Karel LOGIST, Mesures du pos­si­ble, Arbre à paroles, 2012

logist mesures du possibleLes édi­tions de l’Arbre à paroles affinent leur col­lec­tion « Poésie Ouverte sur le Monde » qui com­prend d’ores et déjà une dizaine de titres en met­tant l’accent unique­ment sur le for­mat anthologique. Trois axes d’approche se pro­fi­lent : par thème, par pays avec un ensem­ble d’écrivains sélec­tion­nés par un(e) spé­cial­iste et enfin, par auteur. Mesures du pos­si­ble fait par­tie de cette dernière caté­gorie.

Regroupe­ment de trois recueils, Ciseaux car­rés, Une quar­an­taine et Un danseur évi­dent parus respec­tive­ment en 1995, 1997 et 2004, ce pro­jet a pour des­sein de réu­nir ces livres (cer­tains d’entre eux sont épuisés) en les faisant réex­is­ter sous un nou­veau vol­ume. En plus d’assurer sa mis­sion de garan­tir la cir­cu­la­tion active de titres plus anciens,  le directeur de cette col­lec­tion, David Gian­noni, est heureux de met­tre en valeur ce qui con­stitue l’œuvre sin­gulière du poète Karel Logist. Auteur d’une douzaine de livres, Karel Logist est égale­ment un des co-fon­da­teurs du col­lec­tif Le Fram à Liège et a reçu le prix François Cop­pée de l’Académie française pour Tout emporter, antholo­gie per­son­nelle rassem­blant des textes parus de 1998 à 2008. L’intérêt du présent ouvrage est mul­ti­ple. Soulignons d’abord que ce livre témoigne de la moder­nité de la langue du poète mal­gré les années écoulées depuis l’écriture de ces textes. Il per­met aus­si au lecteur de se plonger dans les pre­mières années d’écriture d’un écrivain et de décou­vrir la genèse de ses préoc­cu­pa­tions essen­tielles. Entre hier et aujourd’hui, les thèmes récur­rents qui tra­versent ses livres demeurent : le temps, l’amour, l’enfance, la mémoire, le voy­age et la poésie elle-même. Une pré­face didac­tique offre au lecteur des clés majeures pour pénétr­er dans cet univers. Elle est égale­ment un out­il pré­cieux pour tout péd­a­gogue désireux d’aborder l’aspect formel et thé­ma­tique de son œuvre.

Cette antholo­gie cohérente réu­nit des recueils qui se dis­tinguent les uns des autres. Le pre­mier, Ciseaux car­rés, est com­posé d’une série de poèmes nar­rat­ifs respec­tant la forme qua­dra­tique évo­quée dans le titre du recueil. Le lecteur suit à tra­vers des réc­its courts la déam­bu­la­tion d’un per­son­nage qui doute en per­ma­nence, ques­tion­nant le monde qui l’entoure et le rôle qu’il y joue. Dans Une quar­an­taine écrit un an plus tard, le poète s’élance dans des réc­its épiques rocam­bo­lesques en vers libre. Cepen­dant, le poète y affirme dès le début sa volon­té d’écrire « dans la vie ». Le dernier recueil, Un danseur évi­dent, est plus musi­cal, tant par la forme des poèmes qui s’apparentent à plusieurs repris­es à des chan­sons que dans les titres des poèmes qui sont tous en langue étrangère. Le monde de l’enfance pré­domine et les images sont de plus en plus ancrées dans la réal­ité du quo­ti­di­en, celle qui nous con­cerne tous.

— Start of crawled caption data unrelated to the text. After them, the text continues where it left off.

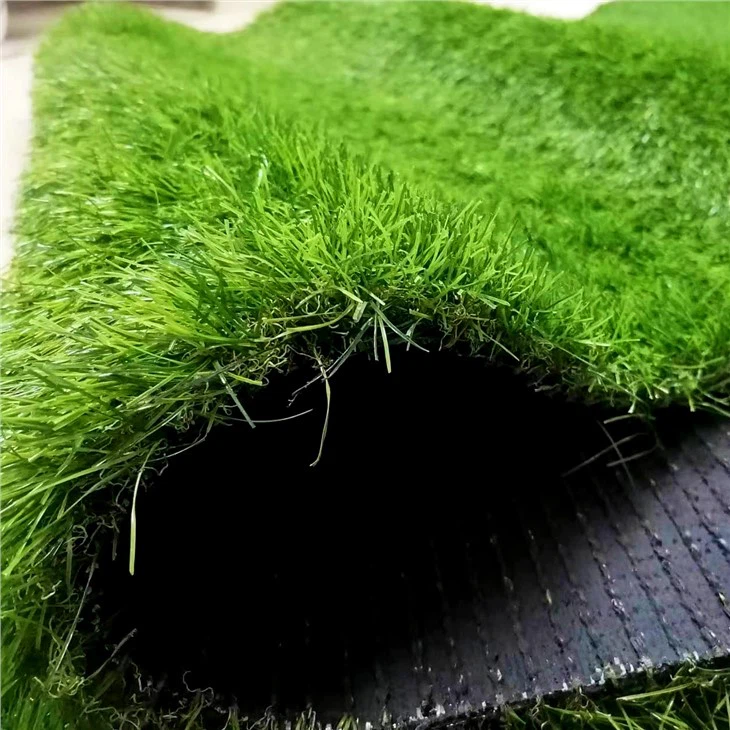 Pet Grass For Balcony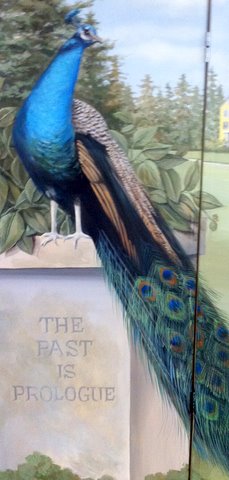 Close up of peacock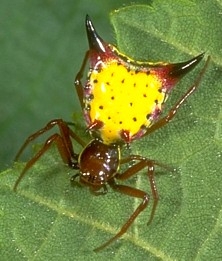 Arrowshaped Micrathena, Micrathena sagittata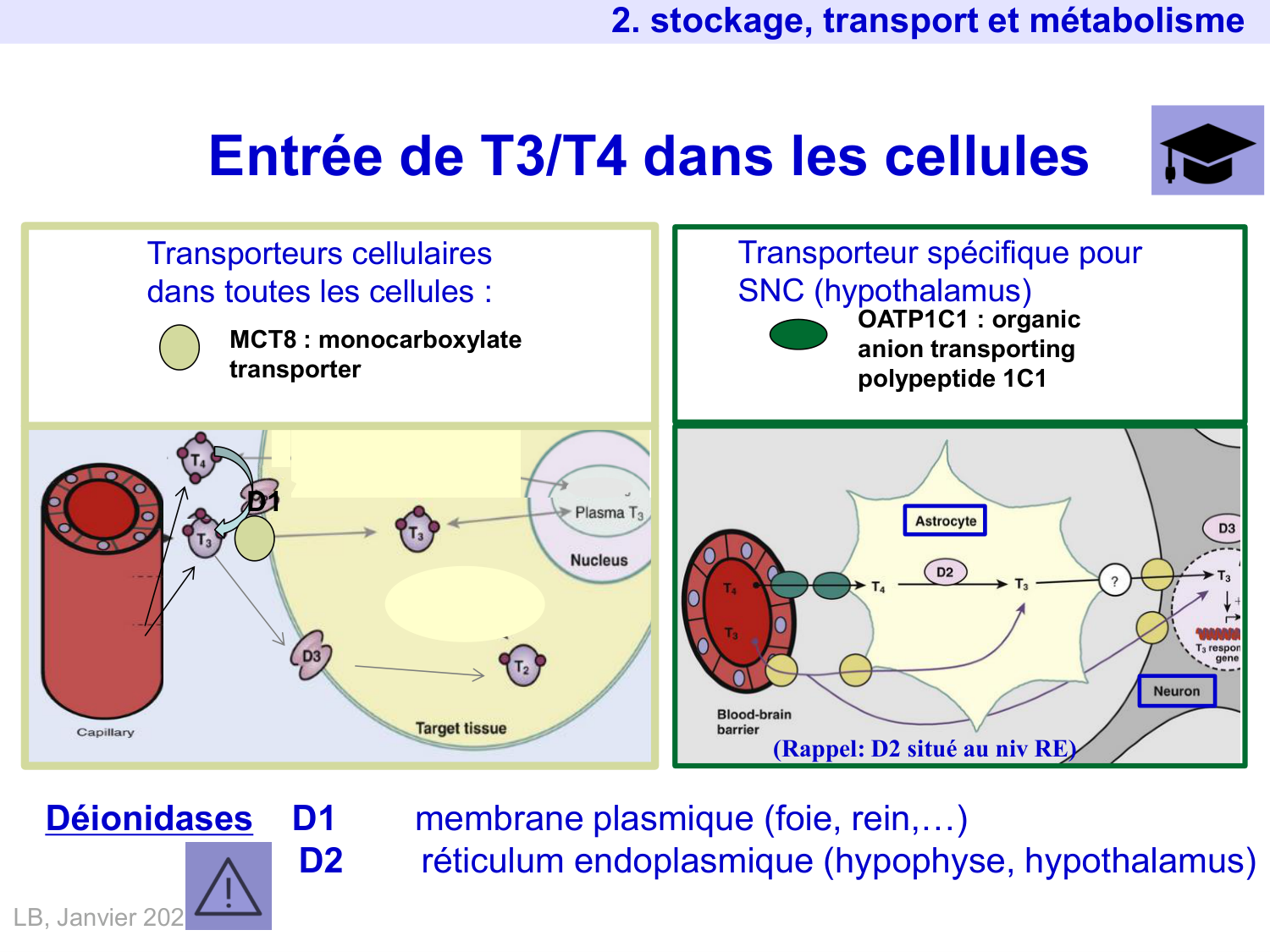 Hormones thyroïdiennes page 24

La poésie de Karel Logist touche à tout. Si l’on peut not­er une évo­lu­tion, c’est l’importance crois­sante du quo­ti­di­en au fil des pages. Sa poésie par­le de lui, mais aus­si et surtout des autres. Selon ses pro­pres dires, « elle ne se drappe pas de grand thème ni de majus­cule. Elle se veut engagée dans la société »1. La pho­togra­phie en cou­ver­ture d’ouvrage est un por­trait de Karel Logist prise par Serge Delaive, autre poète et ami lié­geois. Vis­age mi-caché, mi-dévoilé, elle illus­tre déli­cate­ment l’univers du poète où réal­ité et sens voilés cohab­itent.

Mélanie Godin


1 Extrait d’un entre­tien réal­isé dans la 22ème émis­sion de « Poésie à l’écoute – Des ailes et des nuages » du 2 mars 2011.